Re: [PATCH v3 bpf-next 02/14] bpf: introduce cgroup storage maps

From: Roman Gushchin
Date: Fri Jul 27 2018 - 13:13:19 EST


On Fri, Jul 27, 2018 at 06:11:31AM +0200, Daniel Borkmann wrote:
> On 07/20/2018 07:45 PM, Roman Gushchin wrote:
> > This commit introduces BPF_MAP_TYPE_CGROUP_STORAGE maps:
> > a special type of maps which are implementing the cgroup storage.
> >
> > From the userspace point of view it's almost a generic
> > hash map with the (cgroup inode id, attachment type) pair
> > used as a key.
> >
> > The only difference is that some operations are restricted:
> > 1) a user can't create new entries,
> > 2) a user can't remove existing entries.
> >
> > The lookup from userspace is o(log(n)).
> >
> > Signed-off-by: Roman Gushchin <guro@xxxxxx>
> > Cc: Alexei Starovoitov <ast@xxxxxxxxxx>
> > Cc: Daniel Borkmann <daniel@xxxxxxxxxxxxx>
> > Acked-by: Martin KaFai Lau <kafai@xxxxxx>
>
> (First of all sorry for the late review, only limited availability this week
> on my side.)

Np, thank you for the review!

>
> > ---
> > include/linux/bpf-cgroup.h | 38 +++++
> > include/linux/bpf.h | 1 +
> > include/linux/bpf_types.h | 3 +
> > include/uapi/linux/bpf.h | 6 +
> > kernel/bpf/Makefile | 1 +
> > kernel/bpf/local_storage.c | 367 +++++++++++++++++++++++++++++++++++++++++++++
> > kernel/bpf/verifier.c | 12 ++
> > 7 files changed, 428 insertions(+)
> > create mode 100644 kernel/bpf/local_storage.c
> >
> > diff --git a/include/linux/bpf-cgroup.h b/include/linux/bpf-cgroup.h
> > index 79795c5fa7c3..6b0e7bd4b154 100644
> > --- a/include/linux/bpf-cgroup.h
> > +++ b/include/linux/bpf-cgroup.h
> > @@ -3,19 +3,39 @@
> > #define _BPF_CGROUP_H
> >
> > #include <linux/jump_label.h>
> > +#include <linux/rbtree.h>
> > #include <uapi/linux/bpf.h>
> >
> [...]
> > diff --git a/kernel/bpf/verifier.c b/kernel/bpf/verifier.c
> > index 15d69b278277..0b089ba4595d 100644
> > --- a/kernel/bpf/verifier.c
> > +++ b/kernel/bpf/verifier.c
> > @@ -5140,6 +5140,14 @@ static int replace_map_fd_with_map_ptr(struct bpf_verifier_env *env)
> > return -E2BIG;
> > }
> >
> > + if (map->map_type == BPF_MAP_TYPE_CGROUP_STORAGE &&
> > + bpf_cgroup_storage_assign(env->prog, map)) {
> > + verbose(env,
> > + "only one cgroup storage is allowed\n");
> > + fdput(f);
> > + return -EBUSY;
> > + }
> > +
> > /* hold the map.
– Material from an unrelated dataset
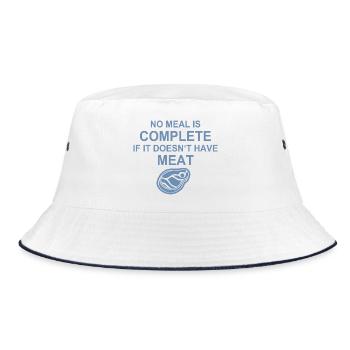 Fleischliebhaber Grillen BBQ Burger Steak Koch - Bucket Hat - Weiß/Navy - Vorne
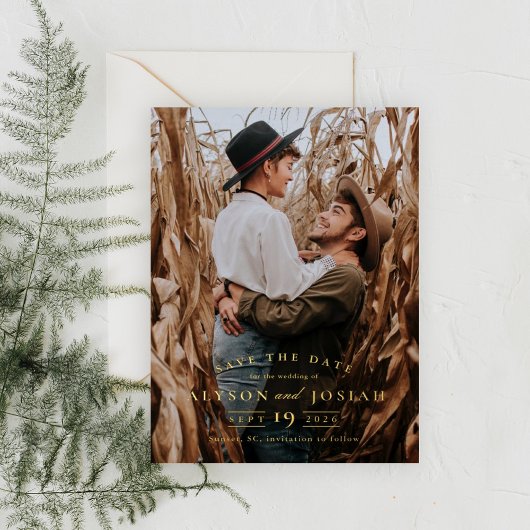 Élégant Faire-Part de Date d'Or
If the program is rejected by verifier,
> > * the map will be released by release_maps() or it
> > * will be used by the valid program until it's unloaded
> > @@ -5148,6 +5156,10 @@ static int replace_map_fd_with_map_ptr(struct bpf_verifier_env *env)
> > map = bpf_map_inc(map, false);
> > if (IS_ERR(map)) {
> > fdput(f);
> > + if (map->map_type ==
> > + BPF_MAP_TYPE_CGROUP_STORAGE)
> > + bpf_cgroup_storage_release(env->prog,
> > + map);
>
> I think this behavior is a bit strange, meaning that we would reset the map via
> bpf_cgroup_storage_release() in this case, but if we error out and exit in any
> later instruction the prior bpf_cgroup_storage_assign() is not undone, meaning
> at this point we have no other choice but to destroy the map since any later
> BPF prog load with bpf_cgroup_storage_assign() attempt would fail with -EBUSY
> even though it's not assigned anywhere, is that correct? Same also on any other
> errors along the prog load path. E.g. say, as one example, your verifier buffer
> is too small, so any retry with the very same program from loader side would fail
> above due to different prog pointers?

Yeah, I see...
We should call bpf_cgroup_storage_release() from the generic verifier error path.
I'll fix this and the leak in the other patch and resend soon.

Thanks!